Michaels escaped a potential class action alleging Fair Credit Reporting Act (“FCRA”) violations late last month when a federal judge found the United States Supreme Court’s recent decision in Spokeo, Inc. v. Robbins, 136 S. Ct. 1540 (2016) foreclosed the plaintiffs’ claim for a bare statutory violation not resulting in concrete damages.  The recent ruling in In re: Michaels Stores, Inc., Fair Credit Reporting Act (FCRA) Litigation confirms the significance of the Spokeo decision and also provides FCRA defendants with additional ammunition to use in fighting statutory violation claims where damages are lacking.

The Michaels suit was based upon the consolidation of three proposed class actions alleging the store failed to clearly and conspicuously announce its intent to obtain background checks in a separate document containing only that disclosure, which was in violation of the FCRA. Instead of providing a standalone document, Michaels did disclose that it would be obtaining such checks as part of its online employment application. The complaints in the class pointed to 15 U.S.C. § 1681b(b)(2)(A), which directs that an employer may not procure a consumer report for employment purposes without providing a “clear and conspicuous disclosure…in a document that consists solely of the disclosure….”

The Michaels court, however, did not find this to be enough. The court termed this a violation of “the purely formal requirements of FCRA” and observed that the plaintiffs “do not actually allege any harm aside from the statutory violation itself.” Accordingly, that was insufficient for an injury-in-fact to satisfy the Article III standing requirement and the court said it was compelled to “join the ranks of the courts that have so held.”

Plaintiffs also tried to avoid a standing-based dismissal by asserting that the FCRA violations resulted in two types of concrete harm, “informational injury” and invasion of privacy. The court rejected both of these attempts. First, the court found there was no informational injury because Plaintiffs were not deprived of any information Michaels was required to disclose; rather, the information was provided, just in a means other than that described in the statute. Such a deviation from a statutorily specified form of information that did not result in failure to disclose the information, though, did not constitute a concrete harm.

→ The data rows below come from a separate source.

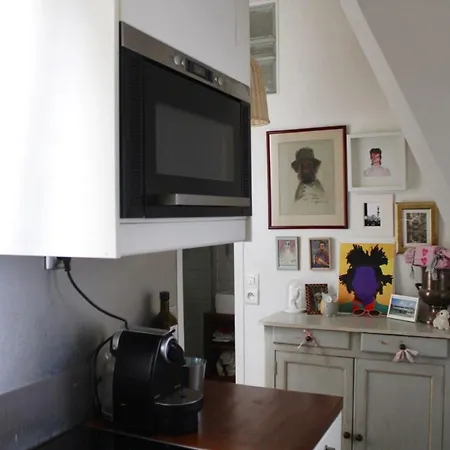 Charming Studio Close To Republique Apartamento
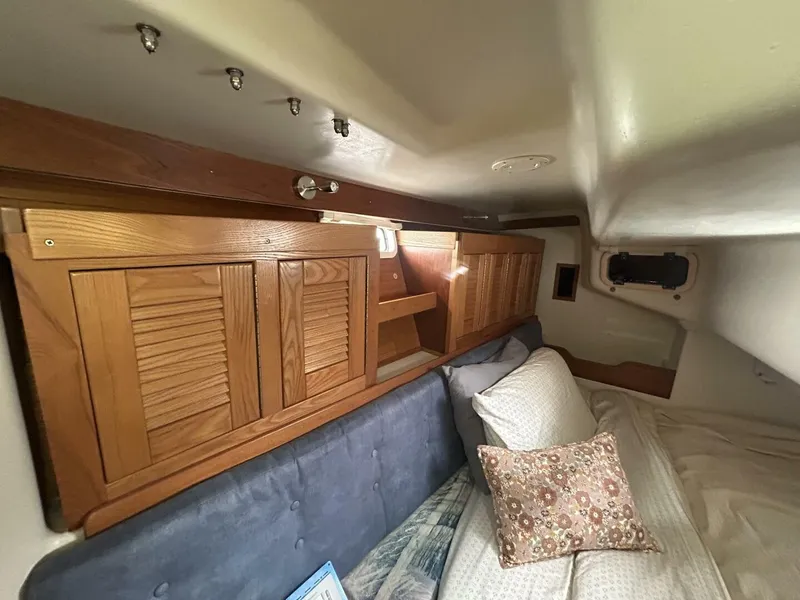 Slide: The Image of Catalina 320 1995 - 15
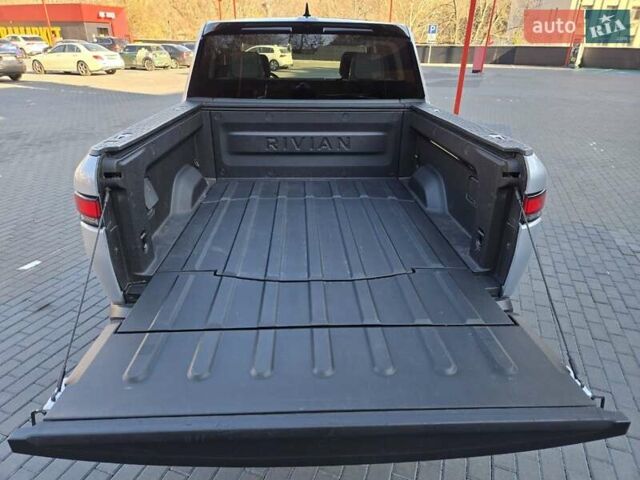 Сірий Rivian R1T, об'ємом двигуна 0 л та пробігом 59 тис. км за 52499 $, фото 34 на Automoto.ua
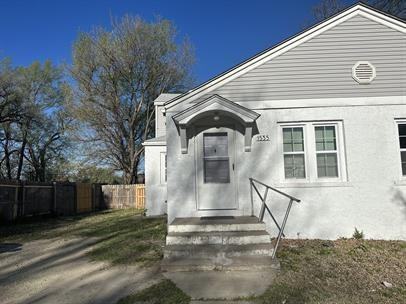 1535 N Holyoke Ave - Photo 3 of 15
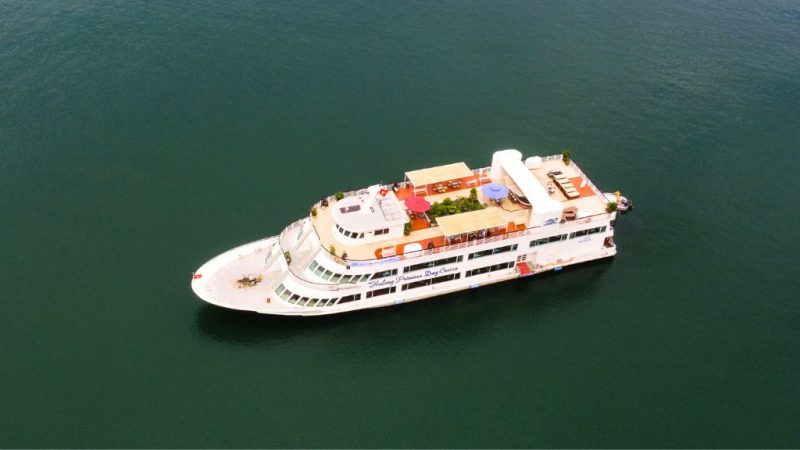 view toàn cảnh Du thuyền Princess Hạ Long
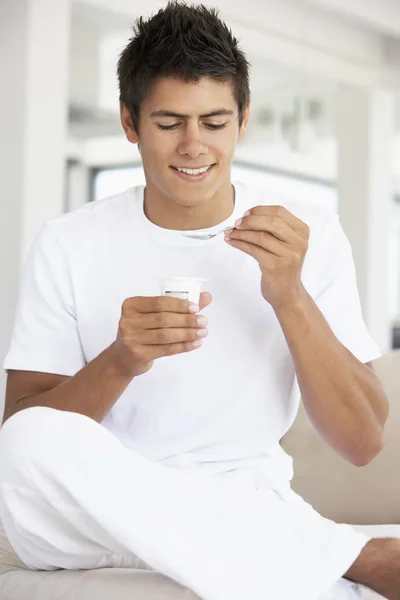 Νεαρός Άνδρας Τρώει Γιαούρτι — Φωτογραφία Αρχείου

Second, the Plaintiffs did not suffer an invasion of privacy, as the incorrect format of the disclosure did not mean that any background check the retailer procured would be unauthorized. Where no disclosure is provided and thus a background check is obtained without consent, an invasion of privacy could occur, however, because Michaels provided the necessary disclosure – albeit in a different format than that specified in the FCRA – the background checks it obtained were authorized by the applicants.  Plaintiffs conceded receiving a disclosure, and in the absence of allegations that, for example, they did not know what they were authorizing, the formatting issue was “precisely the type of ‘bare procedural violation’ that is insufficient to confer standing,” said the court.  As the court pointed out, “Plaintiffs’ position amounts to a contention that a violation of a standalone requirement automatically implies” any obtained report is unauthorized.  But such an argument would elevate every technical statutory violation to the level of a “major substantive harm,” a “leap too far [that] is directly contradicted by Spokeo,” the court reasoned.

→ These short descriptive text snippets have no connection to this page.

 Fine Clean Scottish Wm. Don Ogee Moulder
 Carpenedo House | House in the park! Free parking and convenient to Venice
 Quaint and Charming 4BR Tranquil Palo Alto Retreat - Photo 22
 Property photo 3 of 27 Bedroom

The Michaels decision from the District of New Jersey is just one more ruling that helps define the concrete harm requirement and one upon which defendants may find useful to rely in future dismissal bids, particularly in the context of the FCRA – the statute which actually triggered the seminal Spokeo ruling. Indeed, the standing analysis for FCRA claims is unique to the statute. Additionally, some courts have also found that the Spokeo standing requirements are not a stumbling block. For example, in Syed v. M-I, LLC, (9th Cir. Jan. 20, 2017), the U.S. Court of Appeals for the Ninth Circuit ruled that the plaintiff had alleged more than a bare procedural violation in a suit based on the inclusion of a liability waiver in a background check disclosure, which the FCRA directs is to be in a stand-alone document free of any other information.